30 Apr Developing Max Speed Qualities in Players – The Final Jigsaw to the Locomotive Series – By Ross Bennett
By Ross Bennett (MSc, ASCC, CSCS, BASES), Head of Performance DSS.
Before we get into the blog, please see link below to our podcast on max speed and getting into the SS industry.
The last locomotive phase or quality we look at developing is the max speed. We term is max speed but is essentially speed over longer distances (30-50m) so developing further than an acceleration phase 10-20m. This quality is essential for two aspects: developing max speed and the ability to run fast over the required distance, as well as ensuring the players are conditioned enough to withstand these types of speeds within the game. Especially in GAA, the exposure to high amounts of high speed running, and maximal speeds over longer distances are very prevalent, hence the players need to be exposed to this in the training scenario. This will be discussed more within the training discussion below.
Starting with our first point of call on the continuum, the first block of max speed work is simply closed skill top speed running exercises. This looks very simple, and will see the players complete some warm up runs, progressing in speed, and maximal runs up to a distance of 50m approx. You can if you want include longer distances (60-70m), although the more distance, the higher the fatigue levels within and between reps, the lower the maximum speed will be. From a textbook perspective, you should typically look for 2-3 minutes between each rep, however, we are not track / field athletes and players will perform maximal sprints in a game at times with very limited recovery. So, it is suggested that you let them have a slow walk back to the start, make sure they feel pretty recovered before starting the next rep.
There is lots of talk around certain running drills, from a technical perspective, that we would do as part of the warm up. Walking movement prep, A & B skips etc… You can google these drills on line to get a better idea of them, or in the next coming months see examples of them on www.DeelySportScience.com. These drills do have a place for giving the player some appreciation of the gold standard technical running model, however, we do not dwell too much on them, unless we think a player’s technique is causing him / her to be at risk for injury. This goes for the same when coaching the max speed drills. We would have a couple of cues that we would say (fast ground contact under COM, recovery swing to bum, stiff on ground contact), but would rarely focus on these too much. You must remember as well in an unpredictable game such as GAA, and ‘soccer’, having a real high knee drive in a typical sprinter’s technique could be disadvantageous, when having to decelerate, and change direction, so needs to be considered.
From a progression perspective, the trick is the take a session that focuses on max speed and apply it to some very specific scenarios of the game itself. Various races that resemble 1v1 domination, attack v defence are ones that have worked best in my experience. It is essential however, that the ‘drill’ ensures the players are still exposed to the right intensity and distance. This type of work can include some specific directional type running you would get within the game, angled running, curved running and so on as well as increasing the chaos of the practice throughout the continuum.
Other ways you can progress this type of work, is specific longer sprinting with the ball, which sometimes provides greater application from both players and buy in from technical coaches. Although you can get up to max speed with a ball, and requires a lot of technical detail and skill, we must remember that it is a different skill when sprinting with a ball, and players should be exposed to both sprinting with and without the ball. For example, in football the player has the ball at their feet so instantly changes the mechanics of the run. In GAA the player has the ball in their hand, having to hop/solo every four steps, so again definitely alters the sprinting mechanics when running with no ball. No one is better than the other, it’s just important that the practitioner is aware when planning specific outcomes.

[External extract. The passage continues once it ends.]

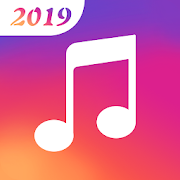 Free Music Player – Online & Offline MP3 Player 2.0.2 Icon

In terms of specific gym work to maximise sprint speed in top speed running, the shift comes away from heavy strength type work and shifts towards the higher velocity side of the curve. Exercises that develop RFD are important here (weightlifting, squat jumps, explosive step ups), but the main type of work in the gym that would have greater transfer would be low GCT plyometrics. When thinking about maximal speed work, the player has reached their maximal velocity, or very close to it, so their focus is not developing more speed, it’s maintaining their current speed and not slowing down! Therefore, the main priority is to avoid large breaking forces when hitting the ground. So physiologically, that requires the player to generate / deal with landing forces in very short time frames. Therefore, replicating this and overloading it within the gym is important. Plyometrics such as hurdle jumps, drop jumps, bounding are good examples here. Important that the eccentric overload is pitched well so the player can perform the task in the time frame available on the ground. One adaptation that is being developed here is stiffness on ground contact, especially through the ankle complex to ensure the player does not ‘break’ on ground contact.
The gym work must also address hamstring strength / conditioning. Isometrics (supine laying isometric bridges) are a great base, as well as eccentric loading (RDL’s, Nordics) of the posterior chain to ensure the muscles are strong enough to deal with multiple exposures of high speeds. This will ensure the hamstrings are strengthened in a lengthened state, which is similar to the function of the hamstrings during sprinting. However, there is a debate that the muscle action is actually a series of isometric actions, however, this could be a debate for another blog / vlog!